● EXERCISE REQUIREMENTS:
Reproduce exactly the lines below, from the first one through the line containing "Hand up, unveiled.", and omit any pictures.

Entries taken from a collection
==========
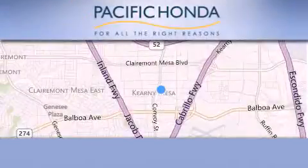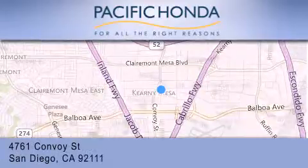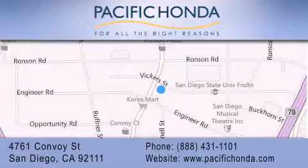Pacific Honda is located at 4761 Convoy Street in San Diego. Our goal is to exceed all of your expectations to ensure that you'll return for future visits.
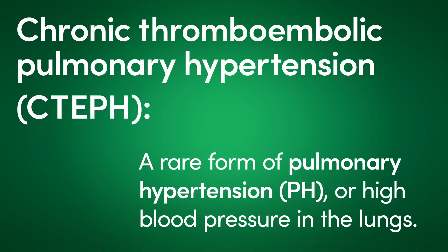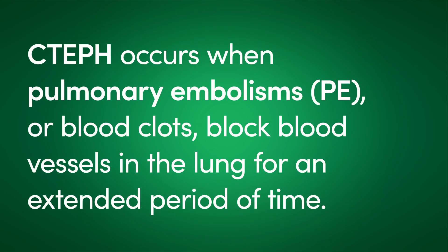Pulmonary embolism is a very common cardiovascular condition and it's typically treated with medical therapy like blood thinners, but sometimes those blood clots don't completely resolve or they can recur, and that can cause changes in the blood vessels in the lungs.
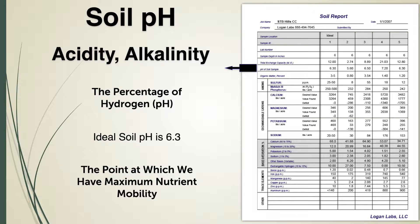pH measures the acidity and the alkalinity of a soil. And in layman's terms, it is the percentage of hydrogen on the soil colloid.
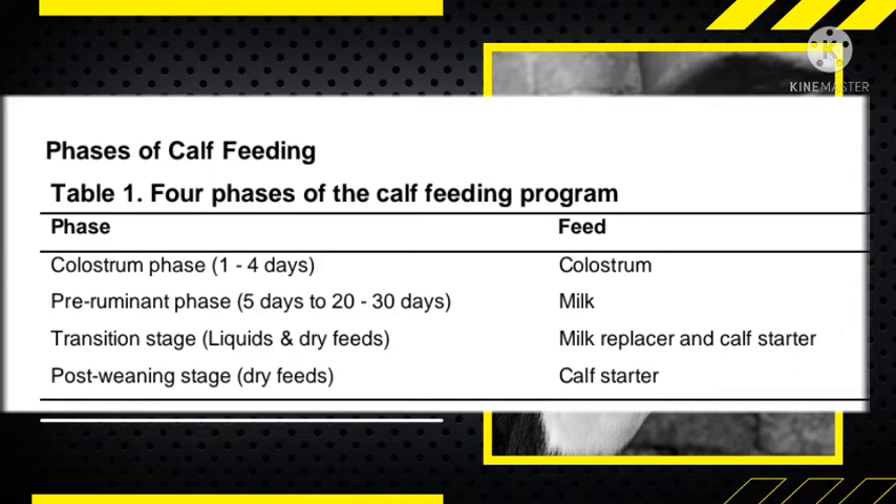From day four to the end of the first month, you will feed your calf with milk or a milk replacer. A milk replacer is a powder you buy from the supermarket, which you mix with warm water to create a liquid that has the same nutrients as milk. Depending on market price, if the price of milk is very high, you can use a milk replacer so that you have more milk to sell.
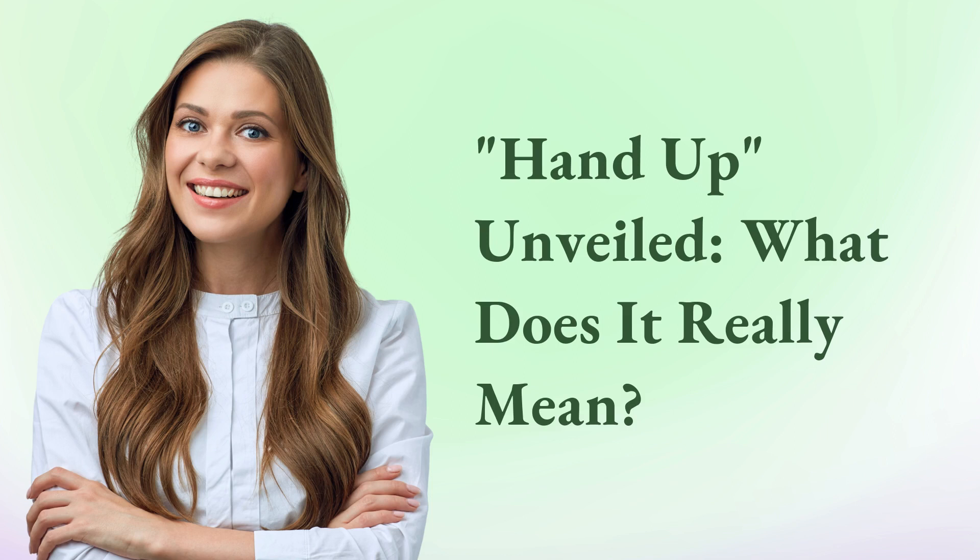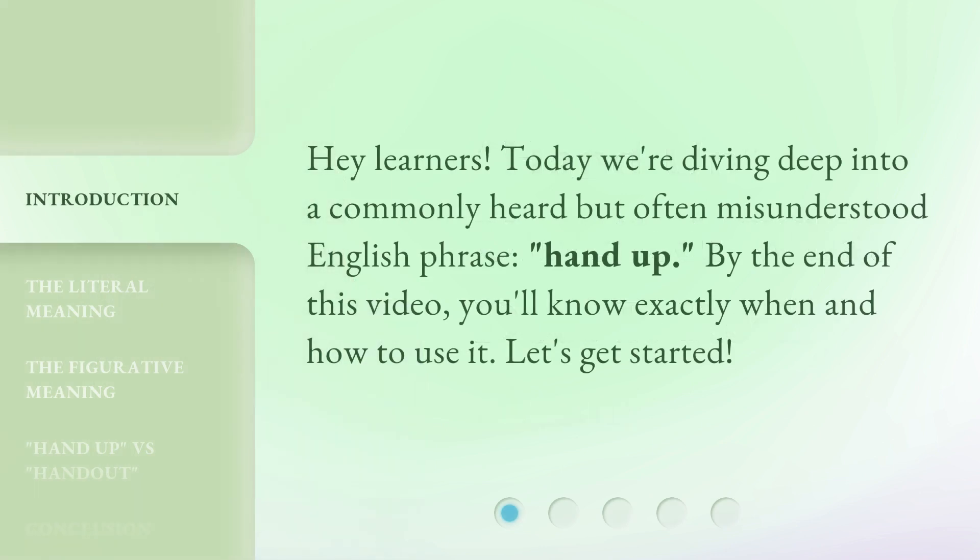Hand up, unveiled. What does it really mean? Hey learners! Today we're diving deep into a commonly heard but often misunderstood English phrase — hand up. By the end of this video, you'll know exactly when and how to use it. Let's get started.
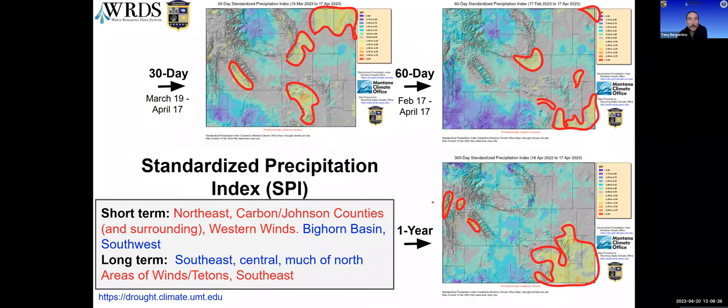Looking at the Standardized Precipitation Index (SPI) maps for the 30-, 60-day, and one-year time frames, these show index values rather than actual precipitation amounts. Some areas of concern are emerging in the northeast with yellow and orange colors starting to show more. The intensity and area of wetter values has declined between the 60- and 30-day maps, indicating a bit of drying taking place. One positive is that the area of dryness in the southeast present at the one-year time frame is quite a bit diminished at shorter time frames, indicating some improvement there.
==========
● RESPONSE FOR THIS EXERCISE:
Pacific Honda is located at 4761 Convoy Street in San Diego. Our goal is to exceed all of your expectations to ensure that you'll return for future visits.
Pulmonary embolism is a very common cardiovascular condition and it's typically treated with medical therapy like blood thinners, but sometimes those blood clots don't completely resolve or they can recur, and that can cause changes in the blood vessels in the lungs.
pH measures the acidity and the alkalinity of a soil. And in layman's terms, it is the percentage of hydrogen on the soil colloid.
From day four to the end of the first month, you will feed your calf with milk or a milk replacer. A milk replacer is a powder you buy from the supermarket, which you mix with warm water to create a liquid that has the same nutrients as milk. Depending on market price, if the price of milk is very high, you can use a milk replacer so that you have more milk to sell.
Hand up, unveiled. What does it really mean? Hey learners! Today we're diving deep into a commonly heard but often misunderstood English phrase — hand up. By the end of this video, you'll know exactly when and how to use it. Let's get started.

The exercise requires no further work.